If you are lucky enough to have many years with your pet and see them aging, taking plenty of photos or even arranging professional pet photography shoot. Check out the recent article by Debbie of DK Photography for some tips and tricks to capturing your pet.
Not only does every person react differently to the loss of a pet, but depending what else is happening in life and the unique connections they share means no two pet losses will be experienced in the same way.
Grief is not something that occurs only when another human dies. It can occur when we lose anything meaningful from your life....I've even experienced it from the huge lifestyle change that comes with entering parenthood. So the loss of any life (human or animal) can absolutely result in grief.
The non-linear 7 stages of grief (first established by Elisabeth Kubler-Ross) are just as relevant to the loss of a pet as they are to the loss of any human life.
Guilt can also be a natural part of grief, where you can question your actions or inaction (eg. what if I had have gone to the vet sooner, given supplements).
What can I do to ease my own pain of losing a pet?
Self-care and being gentle with yourself are important as you adjust to life again after the loss of a pet.
Surrounding yourself with people who see your grief as valid and are understanding is also important. If you know someone in your life is going to minimise your pain, avoid discussing the loss or spending time with them until you feel you are able to cope with their view.
Grieving is a gradual process, so try not to rush yourself or any other family members or other pets through it. They will all heal in their own way and their own time.
How can I help a friend who has just lost a pet?
This will depend greatly on the relationship you have with your friend and knowing where they are at with their grief.

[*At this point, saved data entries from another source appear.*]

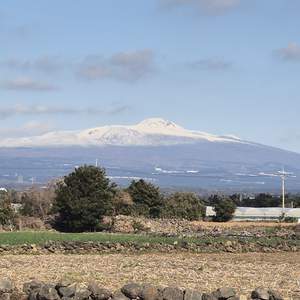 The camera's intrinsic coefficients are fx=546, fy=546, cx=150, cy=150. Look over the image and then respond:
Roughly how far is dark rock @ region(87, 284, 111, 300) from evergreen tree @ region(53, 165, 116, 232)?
21.4 metres

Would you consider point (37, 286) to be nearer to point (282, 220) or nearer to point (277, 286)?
point (277, 286)

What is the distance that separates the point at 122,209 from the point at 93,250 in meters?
21.7

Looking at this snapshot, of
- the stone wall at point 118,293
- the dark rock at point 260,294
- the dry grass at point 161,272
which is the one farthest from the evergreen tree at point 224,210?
the dark rock at point 260,294

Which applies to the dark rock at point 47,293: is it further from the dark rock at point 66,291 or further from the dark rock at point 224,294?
the dark rock at point 224,294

There are a number of practical ways you can help your friend, which may just give them the extra time and space they need to start healing. Cooking them some meals or offering to pick up groceries on your way to see them are just a couple of examples to ensure your friend is looked after while their thoughts are elsewhere or so they can spend more time on self-care and healing.
If you prefer to express your love through giving, there are so many thoughtful and meaningful pet sympathy gifts available. Again, the gift you choose will depend on your friend's personality and the relationship you share. ie are they more likely to want to laugh/cry with you over a quirky gift like custom cushion in the shape of their pet. Or would they prefer a voucher to have a piece of jewellery crafted to encapsulate some fur or ashes when they are ready.
A personalized pet memorial keepsake box is also a lovely gesture, because not only is it a beautiful item for display, but a practical way for your friend to store keepsake items of their choosing.
How can I help my child/ children with the loss of a pet?
The most important thing you can do to support children after the loss of a pet is to show empathy and never dismiss their feelings. Try to understand that the loss may feel even greater to a child, as they may not have ever known life without that pet being part of it. How you support their grief will help to form how they deal with death and losses of all kinds over the course of their lifetime.
I've had feedback from many mums over the years that having photos or other keepsake items on display at home helps to continue conversations and share memories about a pet with their family, which in turn helps with the grieving process. A few families have also ordered several matching keyrings, so everyone can take their pet with them even after growing their wings.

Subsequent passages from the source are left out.